Example: Mayer, R.C., J.H. Davis, and F.D. Schoorman, “An integrative model
of organizational trust,” Academy of Management Review, 1995, 20:3, pp. 709-734.
Example: Moore, S.F., L.S. Shaffer, E.L. Pollak, and P. Taylor-Lemcke, “The
effects of interpersonal trust and prior common problem experience on common
management,” Journal of Social Psychology, 1987, 127, pp. 19-29.
Edited book
Editors(s) (ed.), Title in Italics, Publisher, Place of Publication, Year.
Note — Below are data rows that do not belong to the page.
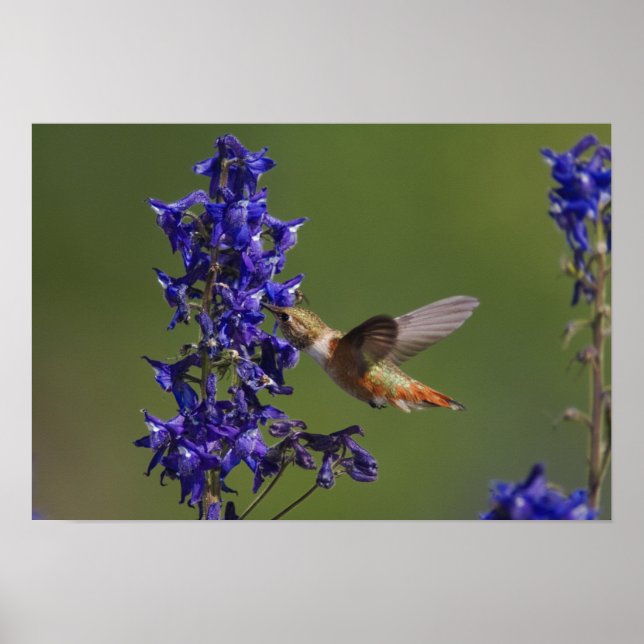 Rödstjärtad kolibri poster (Framsidan)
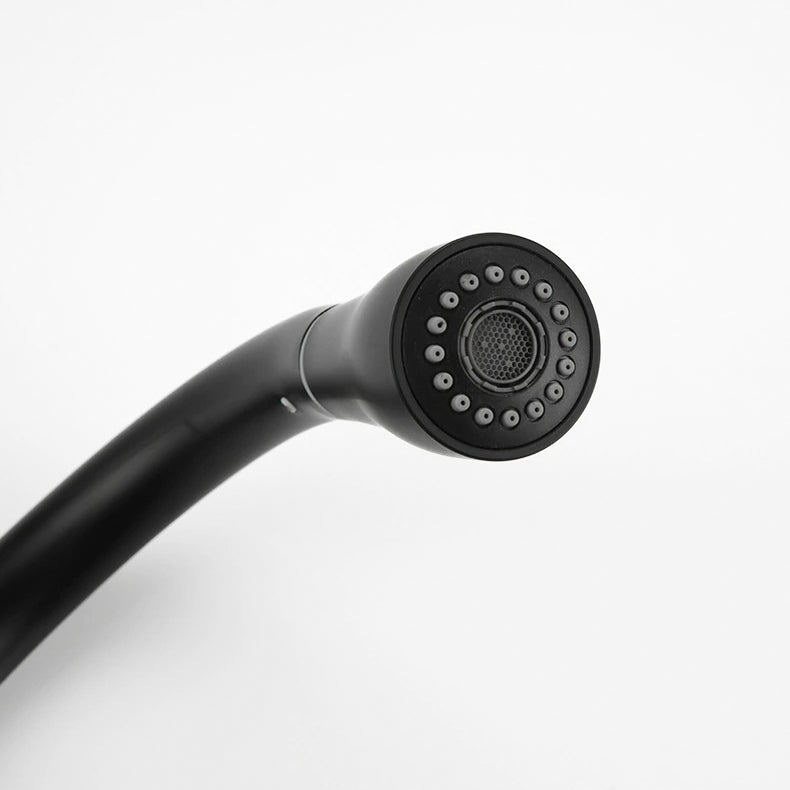 Matte Black Pull-Down Gooseneck Kitchen Faucet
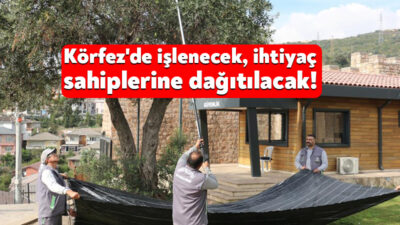 Körfez Belediyesi, ilçede kamuya ait alanlarda yetişen zeytin ağaçlarındaki zeytinleri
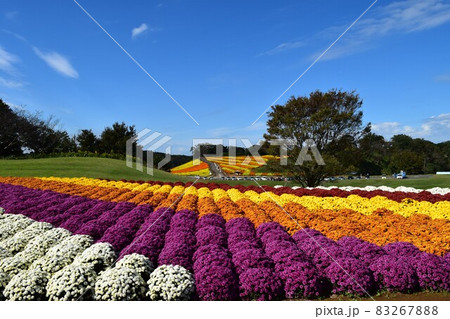 東京ドイツ村　たくさんの菊からマリーゴールドに続く 83267888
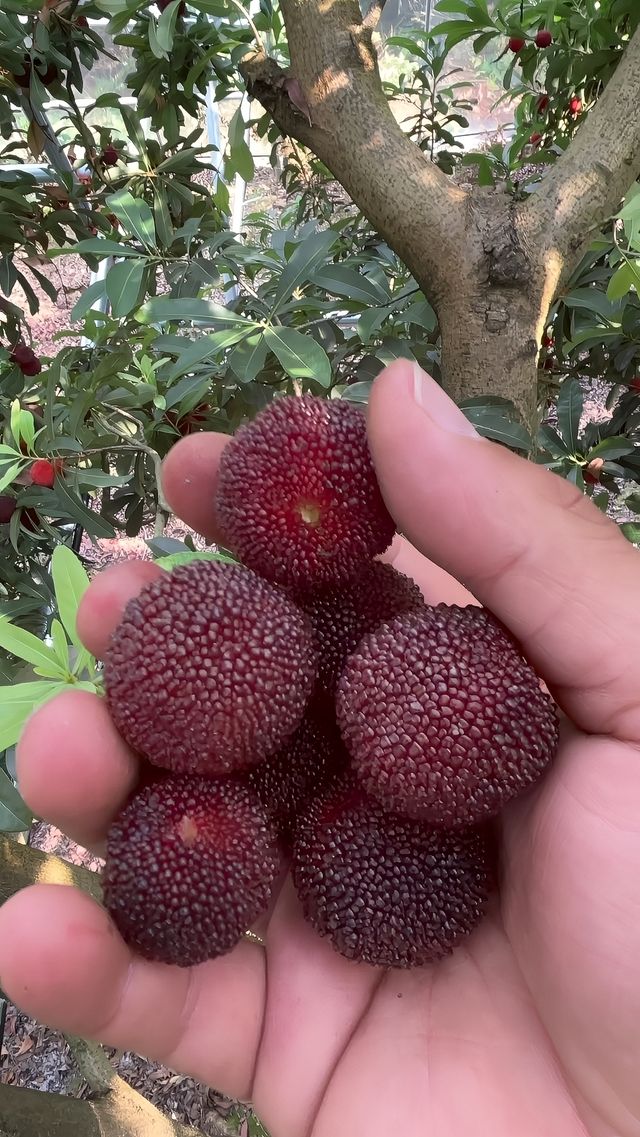 nice！要去睡過才會懂的民宿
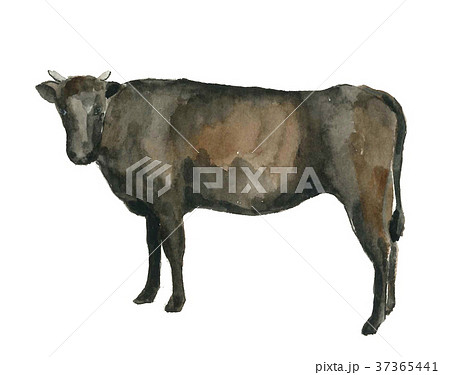 ウシ 丑 牛 年賀状 干支 白背景【手描き水彩】 37365441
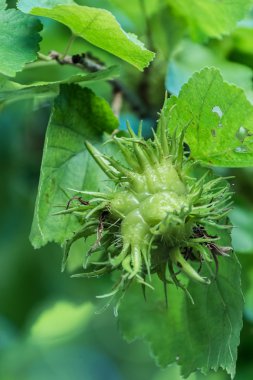 bir ağaç üzerinde olgunlaşmamış fındık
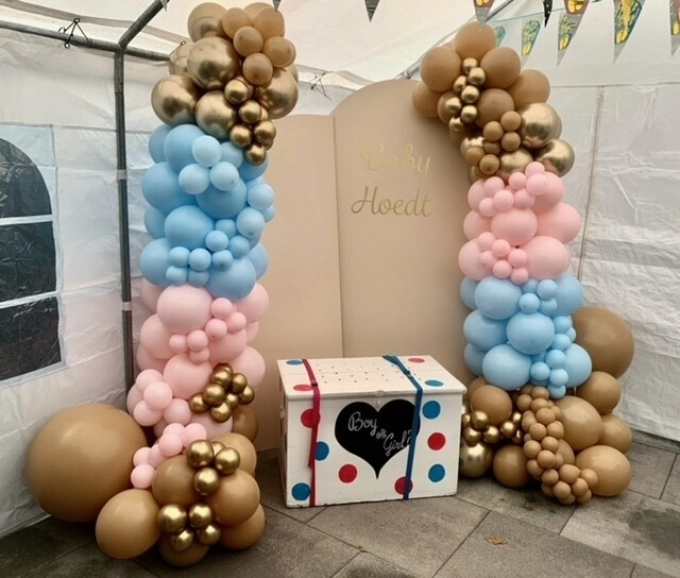 Gender Reveal XL set up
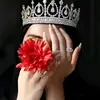 Haseebrahim - @haseebrahim - TikTok
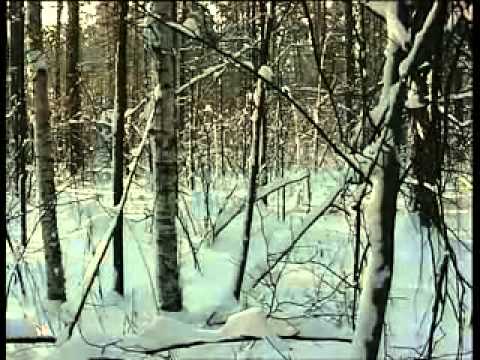 Youtube: Mystery of Dyatlov's Pass part 1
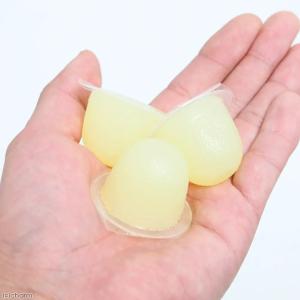 昆虫ゼリー すこやかゼリー (16g 100個...の詳細画像2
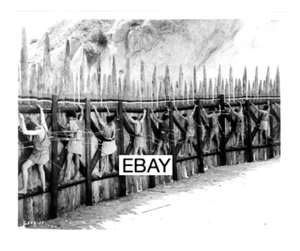 THOR AND THE AMAZON WOMEN 1963 ORIGINAL MOVIE PHOTO EPIC ANCIENT HISTORY - Picture 1 of 1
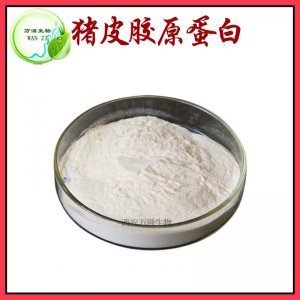 豬皮膠原蛋白貼牌定制代加工
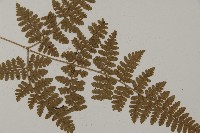 腫足蕨藏品圖，第3張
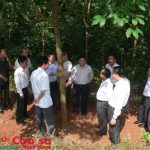 Mở miệng cạo Cao su Lai Châu trong tháng 6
Example: Edwards, L. and C. Waelde (eds.), “Law & the Internet,” Hart
Publishing, Oxford, 2000.
Article in Edited Book
Authors(s), “Title of Article” in Editor name (ed.), Title in Italics, Publisher,
Place of Publication, Year, Pages.
Example: Zucker, L., “Production of trust: institutional sources of economic
structure: 1840-1920," In Research in Organizational Behavior, Staw, B. and L.
Cummings (eds.), JAI Press, Greenwich, CT, 1986, pp. 53-111.
Newspaper Article
Use the exact date, where available.
Author(s), “Title of Article,” Name of Newspaper in Italics, Date, Pages.
Example: Beer, M., “64% of web users don't trust sites,” San Francisco
Examiner, 17 August, 1999, p. 23.
Electronic Publications
Note that your web link will not be published to be live. JITTA contains live links
only to its own pages. Use a short URL to the source’s front page, rather than a very long
link to the document. Long links are difficult to retype accurately.
Author(s), “Title of Article,” Year. Available at: URL, last accessed Date.
Example: OECD, “Dismantling the Barriers to Electronic Commerce,” 1997.
Available at: http://www.oecd.org, last accessed 23 August 2002.
Personal Communication
Name of Source, Personal Communication, Date
Example: Dos Santos, B. L., Personal Communication, April 2003.